De acordo com Eduardo Velho, economista-chefe da JF Trust, apesar da queda do dólar no início do ano, ainda é preciso que a média diária, considerando os dias úteis do ano, registre uma queda mais expressiva para haver algum impacto na inflação. Pelas contas dele, em 2021, a cotação média diária da divisa norte-americana foi de R$ 5,3963.

E, nos 34 dias úteis de 2021 até quinta-feira (16), a média diária ficou em R$ 5,4178. "Está quase empatando, mas é preciso uma queda mais forte e por um período mais longo para essa desvalorização do dólar ser desinflacionária. Velho não vê chances de o BC cumprir a meta de inflação neste ano. Ele estima que, mesmo se a Selic ficar acima de 12%, o IPCA terminará o ano em torno de 6%.

Incertezas fiscais

Além do clima externo mais desfavorável e das eleições, as incertezas em torno da política fiscal devem continuar pressionando o câmbio, de acordo com os analistas que estão apreensivos em torno das discussões no Congresso em torno de medidas via PEC ou projeto de lei para o controle da alta dos preços dos combustíveis.

Apesar dos resultados mais favoráveis para as contas públicas no ano passado - com queda na dívida pública bruta de 88,6% do PIB para 80,3%, entre 2020 e 2021, analistas reconhecem que, após a aprovação da PEC dos Precatórios, no fim do ano passado, país perdeu a única âncora fiscal que ainda estava em vigor. Alessandra Ribeiro, da Tendências, diz que é difícil ver melhora estrutural nas contas públicas nos próximos anos.

"O aumento recorde da arrecadação em 2021 ocorreu, especialmente, por conta da inflação e do diferimento de impostos em 2020 que bateu no ano seguinte. E esses elementos não sustentam a continuidade do crescimento da receita para fazer frente às despesas obrigatórias, que continuam elevadas", explica.

Sergio Vale, da MB, e o economista e consultor Carlos Eduardo de Freitas, ex-diretor do Banco Central, engrossam o coro das críticas à falta de uma política fiscal crível para ajudar o BC a conter a inflação dentro da meta.

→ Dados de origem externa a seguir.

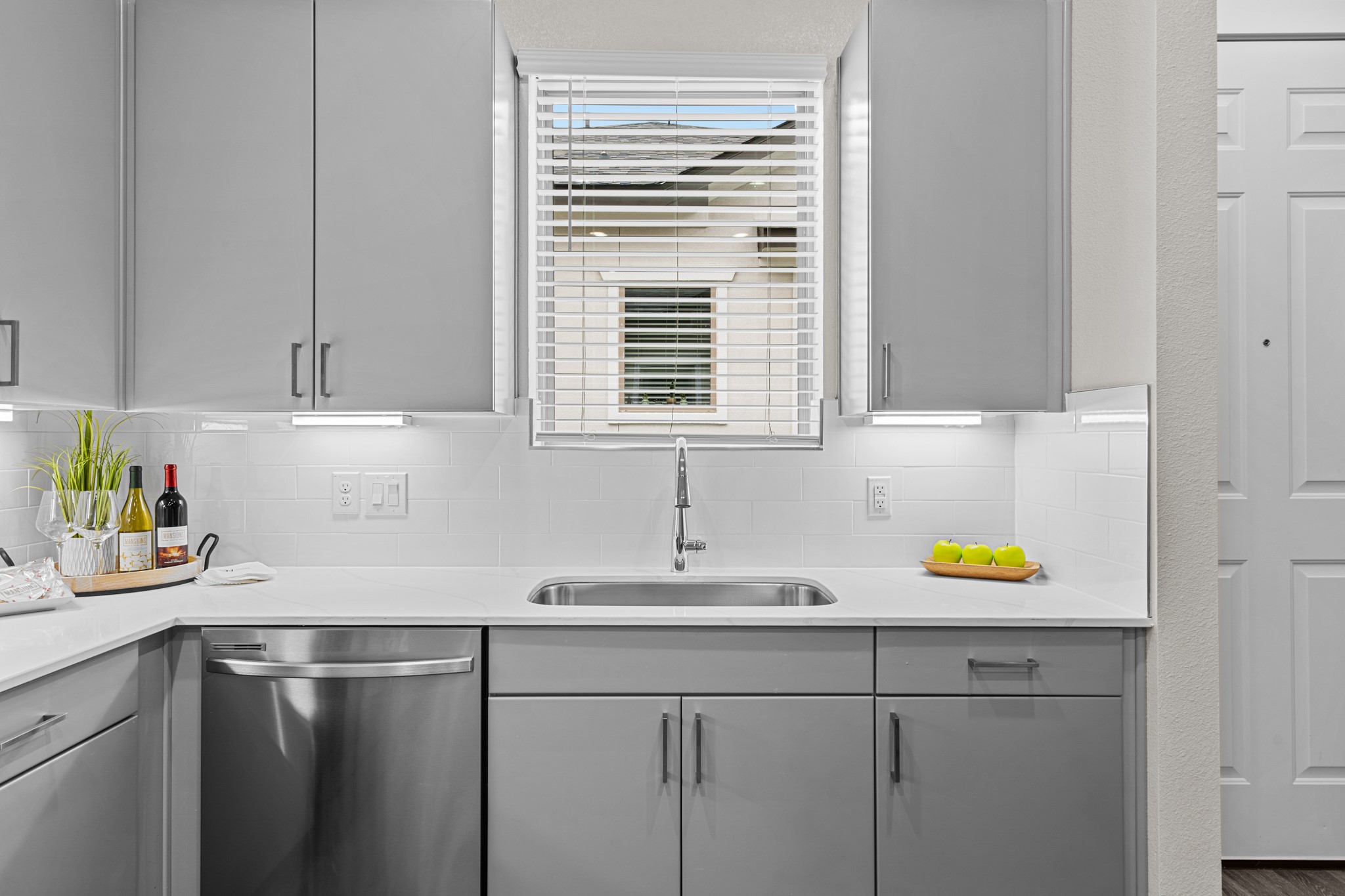 865 Limmer Loop, Unit 1014 Hutto, TX 78634 - Photo 10 of 37 a kitchen with a sink cabinets and window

"A política fiscal está muito confusa. Não há mais uma regra fiscal clara. O teto de gastos é fictício estruturalmente e o governo não tem um business plan para os próximos dois anos. O foco é claramente de curto prazo, voltado para a reeleição", lamenta Freitas. "Ainda vemos um fiscal muito deteriorado e com muita incerteza em relação à PEC dos Combustíveis que devem manter o dólar valorizado neste ano", complementa Vale.